PROMPT ▸ The answer should be an exact repeat of the stretch of material below from the line containing "GRANDE-BRETAGNE, GEORGES III - 1/2 PENNY 1807" through the line containing "Anna-Kaci 5 Pairs".

── DATA TO PROCESS ──

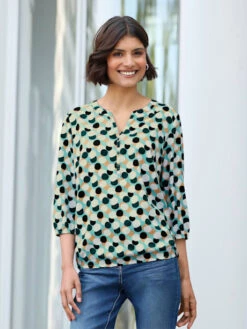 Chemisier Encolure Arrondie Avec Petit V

───
── DATA TO PROCESS ──

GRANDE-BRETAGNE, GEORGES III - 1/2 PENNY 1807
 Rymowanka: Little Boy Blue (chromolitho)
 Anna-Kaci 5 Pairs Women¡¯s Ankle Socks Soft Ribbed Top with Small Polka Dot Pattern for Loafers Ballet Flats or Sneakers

───

ANSWER SPACE ▸
GRANDE-BRETAGNE, GEORGES III - 1/2 PENNY 1807
 Rymowanka: Little Boy Blue (chromolitho)
 Anna-Kaci 5 Pairs Women¡¯s Ankle Socks Soft Ribbed Top with Small Polka Dot Pattern for Loafers Ballet Flats or Sneakers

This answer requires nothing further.